Exercise 1.a. Exercise 1.b.

Construct a histogram or bar chart using the same data as exercise 1.a. Remember that frequencies or percents are usually marked along the left side of the chart with the smallest numbers at the bottom and the values on the base start with the lowest values and go from left to right so both scales use the same zero.

The overall impression produced by a graph depends on the ratio of the measurements of the horizontal and vertical scales. It is important to communicate these quantitative relationships accurately. Experiment with different scales on scratch paper to find one that seems to be a useful way to illustrate your data. Connect the midpoints of the bars so you can see a frequency polygon. Again, be sure to use clear labels. Usually the title of a figure or graph (called the legend) is on the bottom. Include the source of your data in American Sociological Association or American Psychological Association style.

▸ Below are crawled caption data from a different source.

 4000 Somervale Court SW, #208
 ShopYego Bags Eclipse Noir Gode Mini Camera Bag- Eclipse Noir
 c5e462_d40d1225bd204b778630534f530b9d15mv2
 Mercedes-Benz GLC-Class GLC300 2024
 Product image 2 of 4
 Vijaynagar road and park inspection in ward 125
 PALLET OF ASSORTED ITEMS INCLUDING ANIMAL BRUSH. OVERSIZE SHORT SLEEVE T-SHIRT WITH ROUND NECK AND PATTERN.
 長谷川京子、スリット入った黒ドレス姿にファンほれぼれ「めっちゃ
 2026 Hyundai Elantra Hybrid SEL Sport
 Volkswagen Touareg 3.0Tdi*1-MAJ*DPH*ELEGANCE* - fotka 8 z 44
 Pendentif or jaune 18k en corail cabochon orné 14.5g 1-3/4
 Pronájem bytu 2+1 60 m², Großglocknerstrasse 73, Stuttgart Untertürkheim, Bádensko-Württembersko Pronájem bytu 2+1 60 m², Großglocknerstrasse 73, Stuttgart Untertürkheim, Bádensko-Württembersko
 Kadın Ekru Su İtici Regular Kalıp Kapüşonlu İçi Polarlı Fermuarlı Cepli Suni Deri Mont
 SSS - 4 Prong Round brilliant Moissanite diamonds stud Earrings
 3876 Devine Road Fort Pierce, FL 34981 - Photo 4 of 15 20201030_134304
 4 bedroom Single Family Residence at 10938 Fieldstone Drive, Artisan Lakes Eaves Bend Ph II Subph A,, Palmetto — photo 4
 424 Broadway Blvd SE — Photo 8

Example with Frequency Distribution, Percent Distribution, Dummy Table, and Crosstab

Frequency and percent distributions use a few numbers to describe the data. Frequency distributions use charts to list the range of possible values and the number of cases in each category. Percent distributions are similar but convert the numbers to percentages. (Remember that the percent is the number per hundred, and the proportion is the part compared to the whole. You may want to review basic math--fractions, decimals, and percents, perhaps Overcoming Math Anxiety by Sheila Tobias.) With the percent distribution, we can make comparisons even when the actual numbers are different.

This example comes from a study of opinions and behavior of California State University Students in 1994. The question related to the students' knowledge of pregnancy facts.

Table C3 -- Frequency and Percent Distribution of CSU Students' Responses to "At What Time in Her Monthly Cycle is a Woman Most Likely to become Pregnant?" 
  Number Percent
Beginning 545 27.0
Middle 1,113 55.1
End 361 17.9
Total 2,019 100.0
Source: Survey of California State University Students conducted by James Ross (1994)

The percentages show that over half (55%) of the CSU students answered the question correctly. (A woman is most fertile in the middle of the monthly cycle.)

Crosstabulation

To analyze means to break something down into its component parts and study them in order to gain a better understanding of the whole. We can look at these responses in more detail to gain a better understanding of students' knowledge of this rather important part of human life. Crosstabulation uses tables showing the number and percentage of cases in each combination of categories of the data. We might expect that students would have better understanding of health information related to their own bodies, so female students might be more likely than the male students to answer correctly. So, we hypothesize that females will be more likely to answer "middle." We can make a dummy table showing what we would expect is the hypothesis were supported by the data.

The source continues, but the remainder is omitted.